# Tutorial 3: Initializing a conditioning random field chain

### First, obtaining information we need as in T1 and T2

In [1]:
# load compiled bed elevation measurements
df = pd.read_csv('')

In [None]:
# create a grid of x and y coordinates
x_uniq = np.unique(df.X)
y_uniq = np.unique(df.Y)

xmin = np.min(x_uniq)
xmax = np.max(x_uniq)
ymin = np.min(y_uniq)
ymax = np.max(y_uniq)

cols = len(x_uniq)
rows = len(y_uniq)

resolution = 1000

xx, yy = np.meshgrid(x_uniq, y_uniq)

In [None]:
# load other data
velx, vely, velxerr, velyerr, fig = Topography.load_vel_measures('../../Data/antarctica_ice_velocity_450m_v2.nc', xx, yy)
dhdt, fig = Topography.load_dhdt('../Data/ANT_G1920_GroundedIceHeight_v01.nc',xx,yy,interp_method='linear',begin_year = 2013,end_year=2015,month=7)
smb, fig = Topography.load_smb_racmo('../Data/SMB_RACMO2.3p2_yearly_ANT27_1979_2016.nc', xx, yy, interp_method='spline',time=2014)
bm_mask, bm_source, bm_bed, bm_surface, bm_errbed, fig = Topography.load_bedmachine('../../Data/BedMachineAntarctica-v3.nc', xx, yy)

In [None]:
# find variograms
df_bed = df.copy()
df_bed = df_bed[df_bed["bed"].isnull() == False]
data = df_bed['bed'].values.reshape(-1,1)
coords = df_bed[['X','Y']].values
roughness_region_mask = (df_bed['bedmachine_mask'].values)==2 # Read BedMachine user guide for the meaning of values == 2 https://nsidc.org/data/nsidc-0756/versions/3

nst_trans, Nbed_radar, varios, fig = MCMC.fit_variogram(data, coords, roughness_region_mask, maxlag=70000, n_lags=70)

In [None]:
# calculate high velocity region
ocean_mask = (bm_mask == 0) | (bm_mask == 3) # utilize the mask in BedMachine dataset to characterize ice regions
grounded_ice_mask = (bm_mask == 2)
distance_max = 3000
velocity_threshold = 50
highvel_mask = Topography.get_highvel_boundary(velx, vely, velocity_threshold, grounded_ice_mask, ocean_mask, distance_max, xx, yy)

In [None]:
# load the initial bed
sgs_bed = np.loadtxt('sgs_bed.txt')
thickness = bm_surface - sgs_bed
sgs_bed = np.where((thickness<=0)&(bm_mask==2), bm_surface-1, sgs_bed)

In [None]:
# initiate conditioning data and a mask of conditioning data
cond_bed = df['bed'].values.reshape(xx.shape)
data_mask = ~np.isnan(cond_bed)

### Then initiating the chain

#### Initiate an object of the class chain_crf

Let's first initiate the chain. Here, we created an object of the class chain_crf. This initialization process requires several input that are essential for later calculations

In [None]:
crf_1 = MCMC.chain_crf(xx, yy, bed, bm_surface, velx, vely, dhdt, smb, cond_bed, data_mask, grounded_ice_mask, resolution)

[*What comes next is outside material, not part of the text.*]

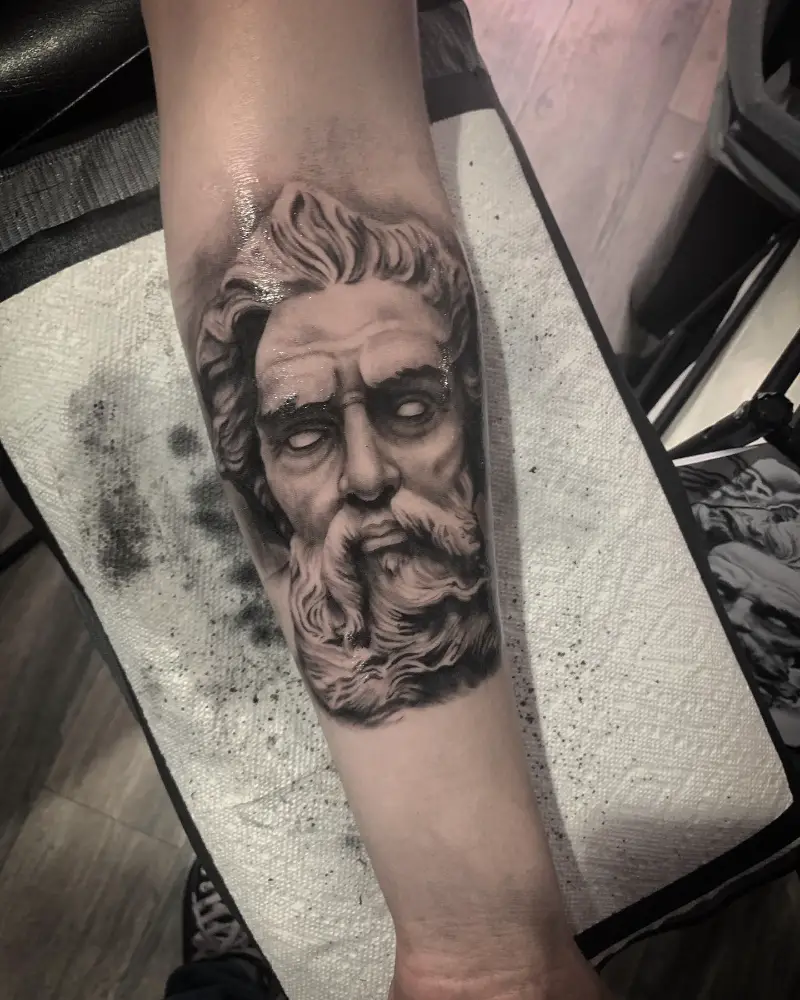 Realistic Zeus Statue Tattoo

Now, the object 'crf_1' have all the properties you have assigned in the initialization process. Try typing *crf_1.xx* or *crf_1.cond_bed*, or any other argument to check them.

In [None]:
plt.pcolormesh(xx, yy, crf_1.bm_surface)
plt.axis('scaled')
plt.colorbar()

In [None]:
plt.pcolormesh(xx, yy, crf_1.data_mask)
plt.axis('scaled')
plt.colorbar()

In [None]:
plt.pcolormesh(xx, yy, crf_1.velx)
plt.axis('scaled')
plt.colorbar()

The second function required, is *set_high_vel_region*. In this function, the first boolean argument decide whether the MCMC update will be inside the high velocity, the second argument specify the exact region of high velocity (where the high_vel_mask == 1)

In [None]:
ccrf.set_high_vel_region(False,highvel_mask)

We also want to specify how we want to define the loss function used in the chain.

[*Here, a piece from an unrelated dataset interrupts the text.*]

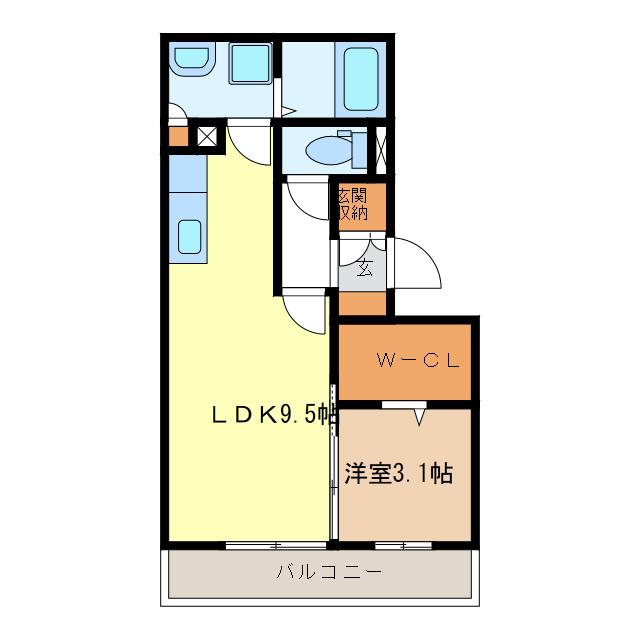 リビングタウンさくらだ(1LDK/1階)の間取り写真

*map_func* determine the distribution of mass conservation residuals, whereas the *diff_func* determine the distribution of the difference between radar measurements and simulated topography. If the residuals has a Gaussian distribution, the corresponding function will be 'sumsquare'. If you do not want to include either of these loss, simple put *map_func = None* or *diff_func = None*. 

*sigma_mc* and *sigma_data* determine the standard deviation of the distribution of mass conservation residual or differences to radar data. *massConvInRegion* and *dataDiffInRegion* specify whether the two losses should be calculated for only inside the high velocity region or not

In [None]:
ccrf.set_loss_type(map_func='sumsquare', diff_func='sumsquare', sigma_mc=3, sigma_data=80, massConvInRegion=False)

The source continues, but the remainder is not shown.